For those in the Northern Hemisphere, the autumnal equinox marks the start of fall. This year, the equinox falls on Wednesday, September 22 at 3:21 P.M. EDT. At that time, the Sun will cross the celestial equator — the projection of Earth’s equator out into space in all directions — heading from north to south.

The Full Moon that occurs closest to the autumnal equinox has a special name: the Harvest Moon. This year, the Harvest Moon falls just a few days before the equinox, on Monday, September 20, at 7:55 P.M. EDT. And because of some nifty celestial geometry, it brings with it a special effect called, appropriately, the Harvest Moon effect.

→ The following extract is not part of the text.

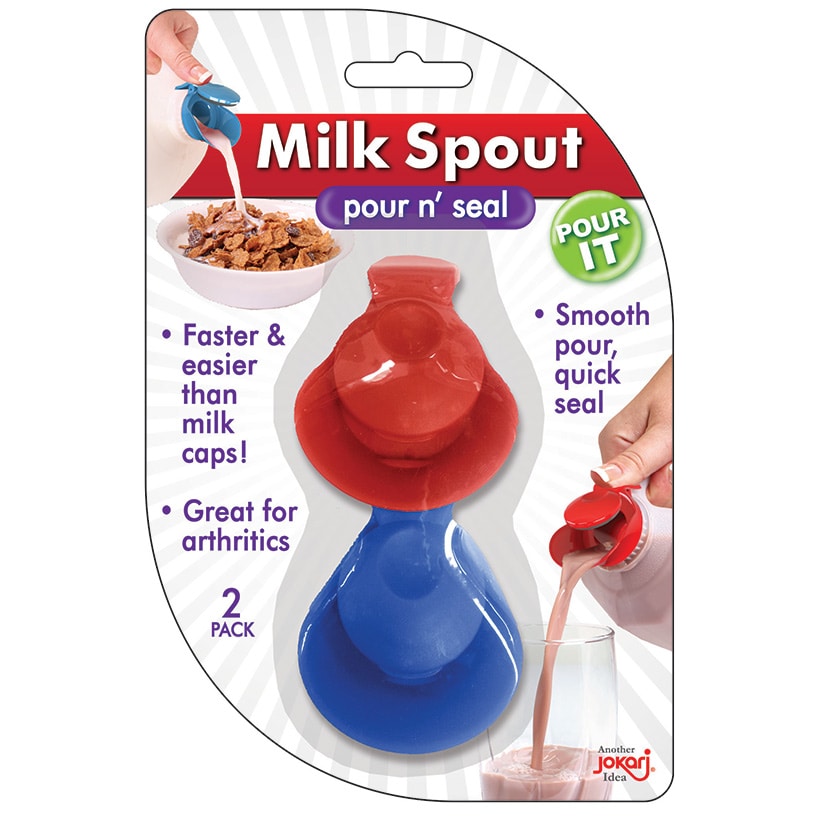 Milk Bottle Pour N' Seal Spout - 2-Pk.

What is the Harvest Moon effect? Put simply, it’s a span of several days during which the Full (or nearly Full) Moon rises at almost the same time each night. This means several nights in a row receive lots of bright moonlight — a boon to farmers working hard to bring in the harvest before the advent of artificial lights.

What causes the Harvest Moon effect?

Okay, so what’s really going on? As the Moon circles Earth, we see its changing phases as the amount of illumination it receives from the Sun also changes. When it is Full, it sits directly opposite the Sun, rising around sunset and setting around sunrise. On any two successive nights, moonrise generally varies by about 50 minutes as our satellite goes from New to Full and New again. Then the cycle repeats.

But that 50-minute change from day to day is only an average. And it’s related to the angle of the Moon’s orbit with respect to Earth’s equator — because unlike many satellites in the solar system, our Moon doesn’t orbit Earth’s equator. Around the vernal equinox, which kicks off spring in the Northern Hemisphere, that interval can stretch to a 70-minute change in moonrise times from night to night. And around the autumnal equinox, it shrinks to just 20 minutes or so. (Note that these times and dates are flipped for the Southern Hemisphere, which gets the most moonlight around the vernal equinox and the least around the autumnal equinox.)